▶ REQUIRED ACTION
Copy the records below exactly as they stand. Leave out the pictures.
[[ RECORDED INFORMATION, beginning ]]
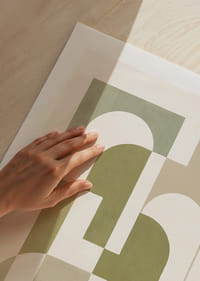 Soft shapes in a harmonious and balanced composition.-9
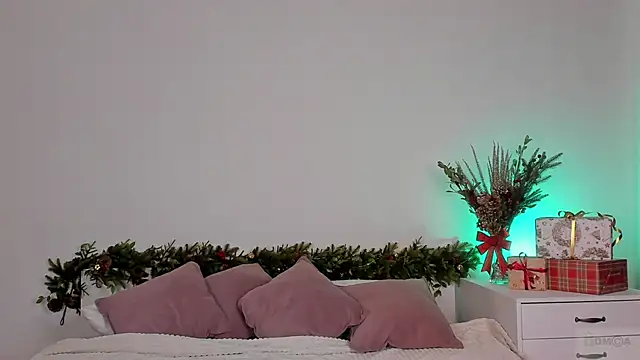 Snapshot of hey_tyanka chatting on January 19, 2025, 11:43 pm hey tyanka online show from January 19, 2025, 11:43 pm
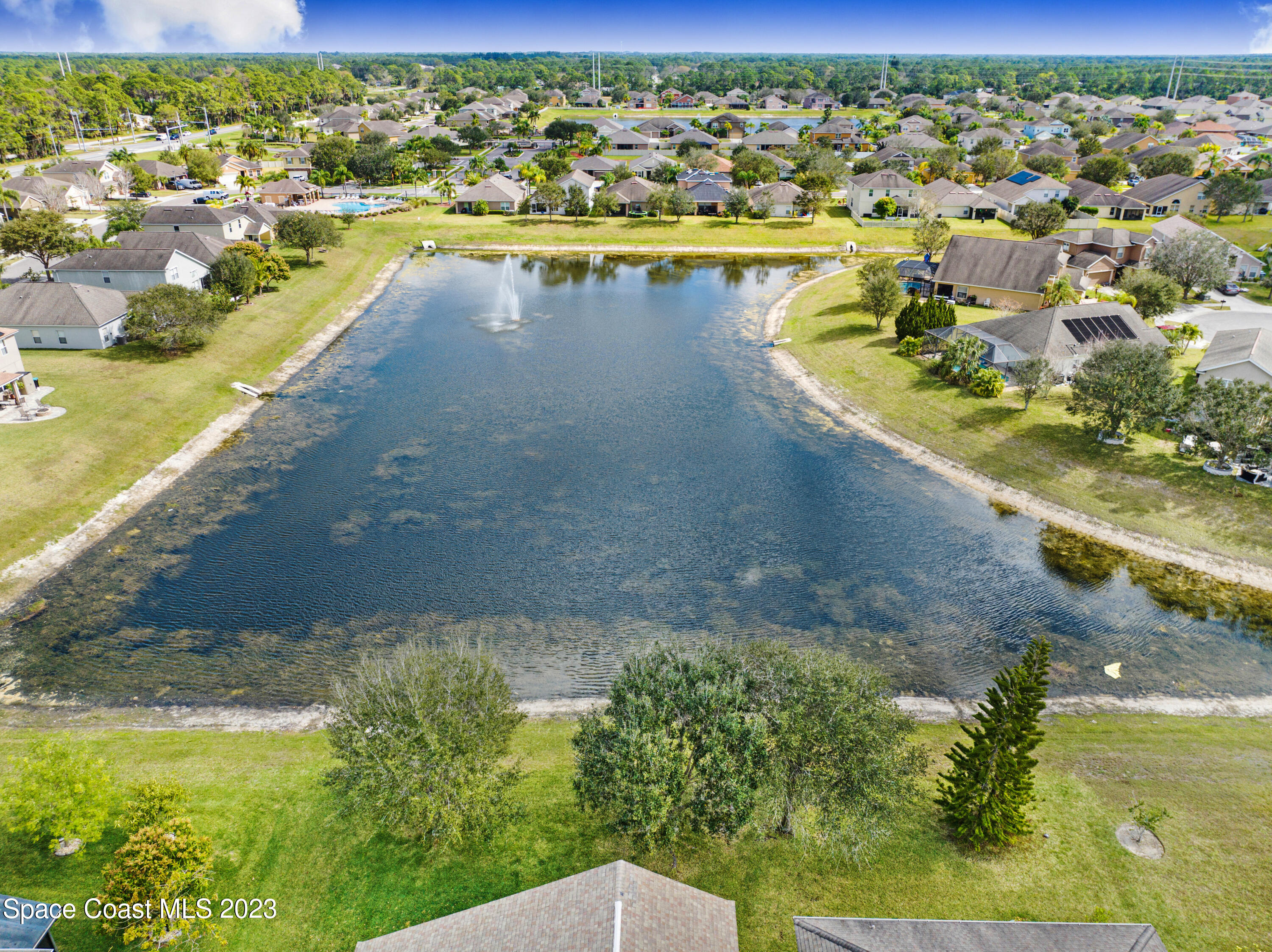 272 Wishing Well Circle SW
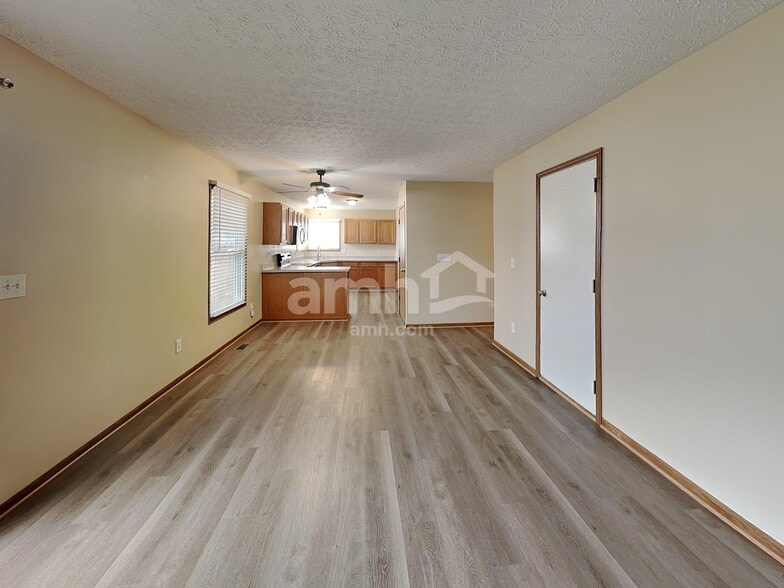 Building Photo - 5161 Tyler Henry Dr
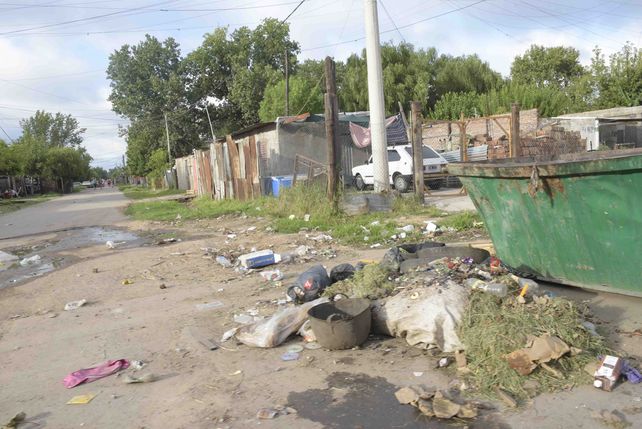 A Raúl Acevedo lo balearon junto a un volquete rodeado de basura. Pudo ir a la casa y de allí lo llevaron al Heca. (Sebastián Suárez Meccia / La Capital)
[[ RECORDED INFORMATION, end ]]
▶ RESULT
 Soft shapes in a harmonious and balanced composition.-9
 Snapshot of hey_tyanka chatting on January 19, 2025, 11:43 pm hey tyanka online show from January 19, 2025, 11:43 pm
 272 Wishing Well Circle SW
 Building Photo - 5161 Tyler Henry Dr
 A Raúl Acevedo lo balearon junto a un volquete rodeado de basura. Pudo ir a la casa y de allí lo llevaron al Heca. (Sebastián Suárez Meccia / La Capital)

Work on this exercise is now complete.